Superior Catholic Herald
Cultivating discipleship — “making fishers of men” — is the goal of a new program aimed at diocesan youths.
Discipleship U, the Diocese of Superior’s inaugural high school leadership training, is April 25-27 at CrossWoods Camp in Mason.
Fr. Andrew Ricci, rector of Christ the King Cathedral, Superior, said he’s “all jazzed” about the first-ever opportunity for diocesan teens to be locally trained in their faith, carry that experience home with them and serve as mentors and leaders in their parishes.
“It’s in our backyard, so it’s approachable, reasonable and affordable,” he said.
“We want them to become disciple-builders,” added Megan Noll, director of marriage and family programs for the Diocese of Superior.
Noll joined the diocesan staff five years ago.

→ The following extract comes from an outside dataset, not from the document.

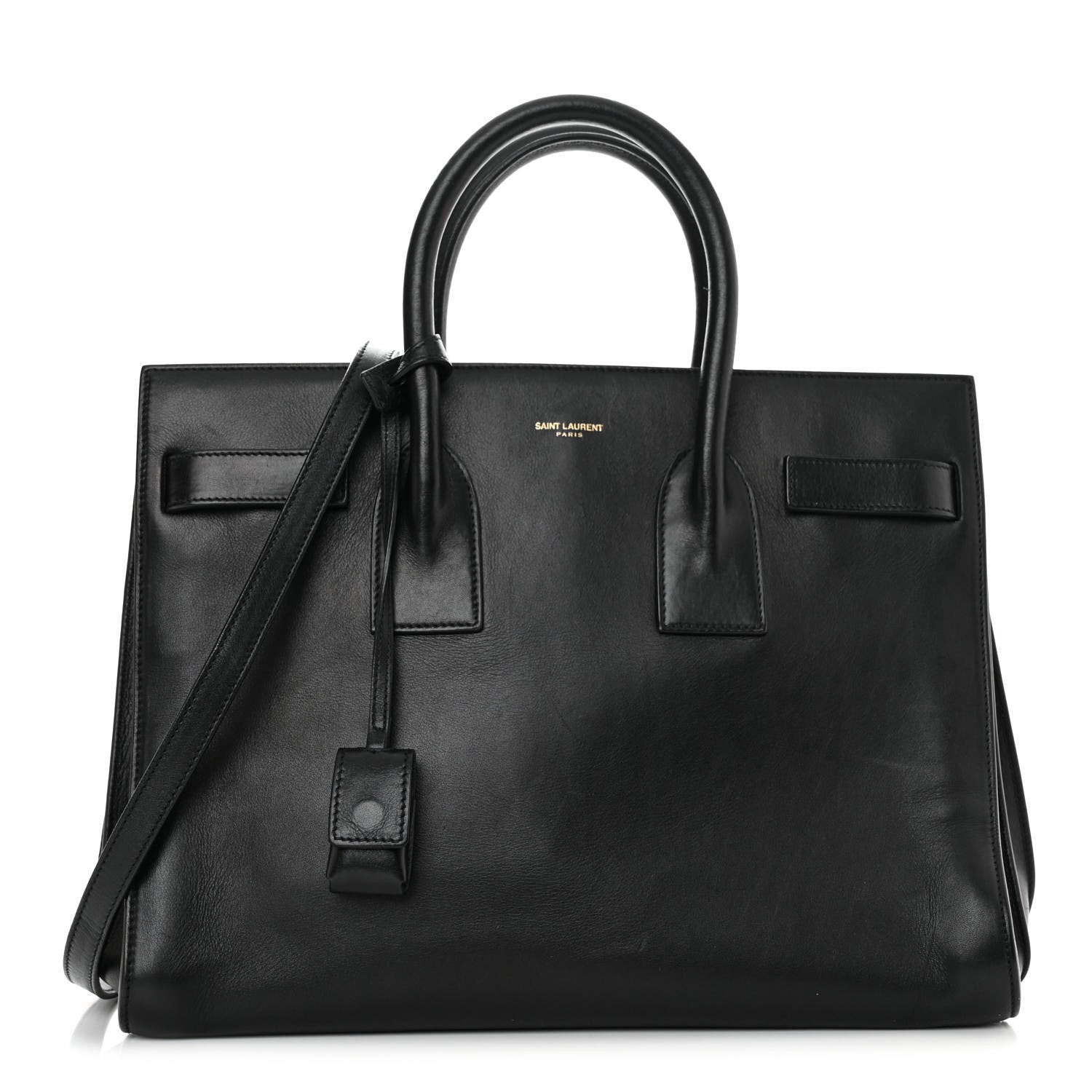 Saint Laurent Calfskin Small Sac De Jour Black 1 of 11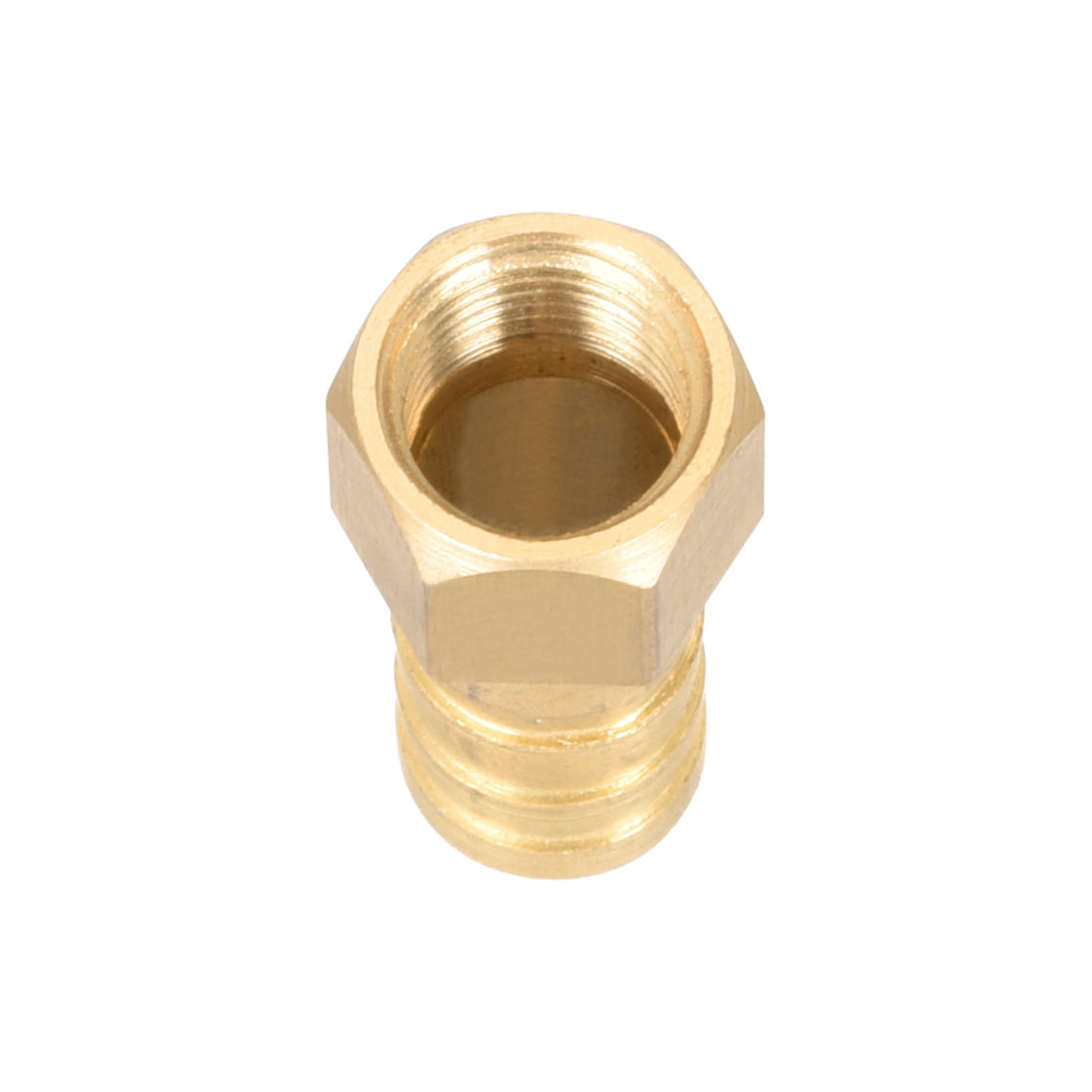 uxcell Uxcell Brass Barb Hose Fitting Connector Adapter 10mm Barbed x G1/8 Female Pipe 5pcs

For the past four years, she’s been reaching out to junior high students. Those teens have gone on to high school, and “now they need more,” Noll said.
A weekend immersion in prayer, and in learning how to pray, is the next step.
“To be a good disciple, we have to be able to follow Christ,” she added. “We have to be able to converse with Christ.”
Discipleship U is billed as a weekend with “dynamic sessions of worship, disciple-building talks and activities, service and fun.” Organizers are collaborating with NET Ministries — National Evangelization Teams — to run the sessions.
Unlike other diocesan youth programs, this one is designed specifically for teens who are considered leaders by their pastors and youth ministers.
All youths have gifts to give, Noll said. Teens with leadership skills are more likely to talk about their faith, and she believes disciple-building should bear fruit in the form of evangelization.
“The hope is that they’ll be able to share what they’re learning with their friends and their families,” said Noll.
Vocations to the religious life or priesthood could be “indirect fruits,” she noted, although the training will not address that topic directly.
“Mostly, we just want people to get closer to God,” Noll said.
And, when they do, anyone who is being called to a religious life will hear God’s call. “To me, there will be a natural flow to vocations,” she said.
Her approach to youth ministry — particularly in reaching out to junior high students — takes into account the various stages of life, Noll explained.
Junior high is a time when many teens are thinking specifically about the big questions — Who am I? Who is God?, etc.
“By high school, you’re thinking about ‘Where am I going?’” she said.
Noll hopes the high school leadership program will bring to fruition those seeds of faith already planted.
“It’s really building intentional disciples,” she said.